Effect of the magnus force and torque on the projectile flight range

Abstract

The paper considers the origin of the Magnus force and torque in the course of the projectile flight; analytical dependencies for their determination are given and justified. The mutual orientation of the Magnus force and angular torque vectors with respect to those of the drag and lift forces, as well as with respect to the stalling, polar quenching and equatorial damping torques acting on the projectile in flight is discussed. The effect of the Magnus force and torque on the firing characteristics of artillery systems is assessed. A mathematical model of the projectile flight is presented, as well as constraints that are imposed on it and that do not considerably affect the accuracy of the description of the spatial motion of the projectile.

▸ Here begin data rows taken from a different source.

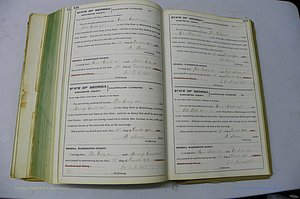 Was GA, Marriages Book I, 1899 - 1903, P 528-529.JPG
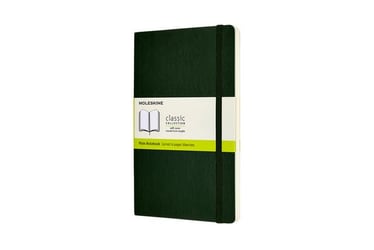 Notitieboek Moleskine L 130x210mm blanco myrtle green artikel afbeelding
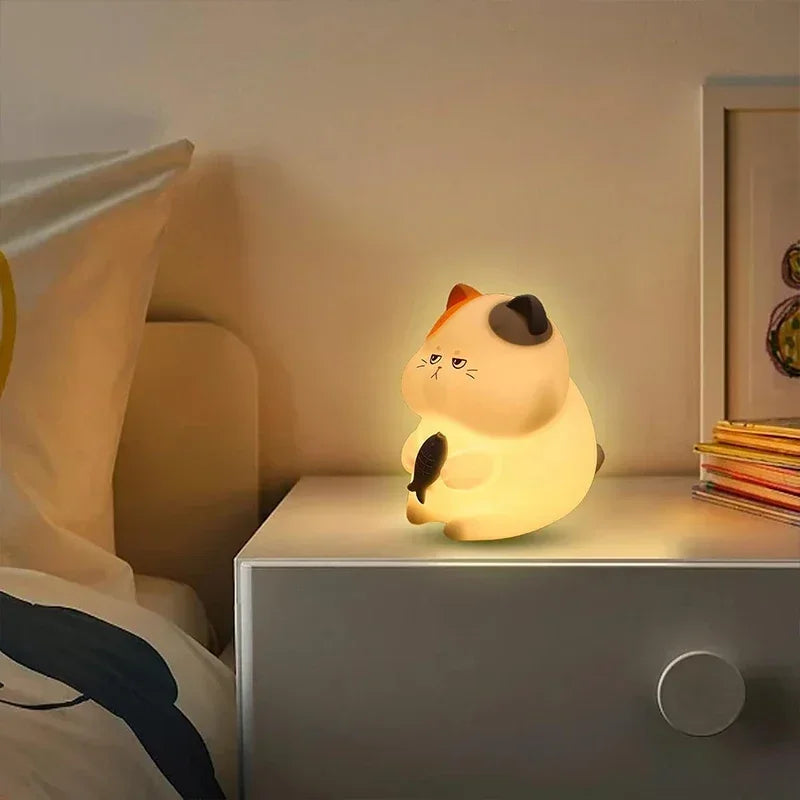 Greedy Cat Children's Night Light Rechargeable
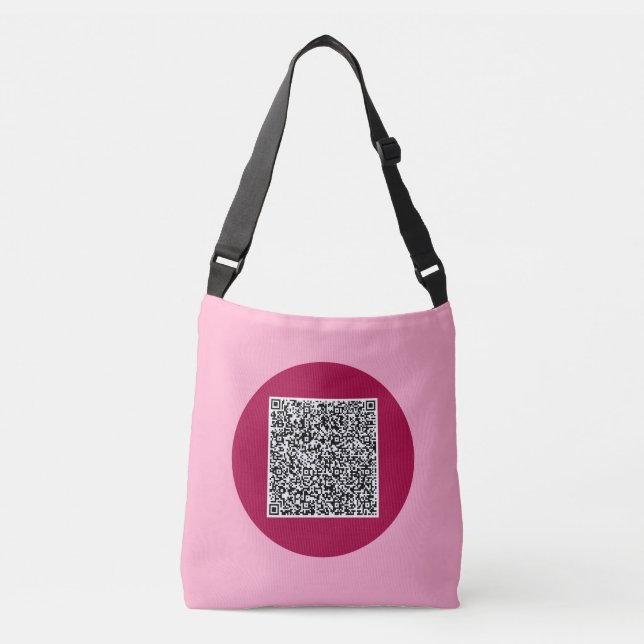 Your QR Code Scan Info Custom Colour Personalized Crossbody Bag (Front)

The mathematical model is implemented programmatically on the basis of a standard subroutine for numerical integration of differential equations written in the Maple software and contains the motion equations for the projectile mass center, the motion equations with respect to the projectile mass center and equations that allow one to determine the coordinates of the projectile fall points in the base reference system. To assess the effect of Magnus force and torque on the projectile flight range, the difference method is employed, which consists in solving the system of differential equations of the spatial motion of the projectile such that changing the magnitude of the Magnus force and torque (at the assumption of the constancy of the aerodynamic forces and torques), one obtains the variation in the projectile flight range. A protocol and a scheme for assessing the effect of deviation of the projectile range on the accuracy of determination of the Magnus force strength and torque, as well as the results of numerical simulation of the deviation of the flight range for the ОФ-462Ж projectile of the 122-mm howitzer Д-30 depending on the accuracy of determination of aerodynamic force coefficients and Magnus torque are presented. It is shown that the largest deviations in the projectile flight range are observed when shooting at large launching angles and full charge (projectile speed 690 m / s); the smallest corresponding values are observed for the fourth charge (projectile speed 276 m / s) at small launching angles.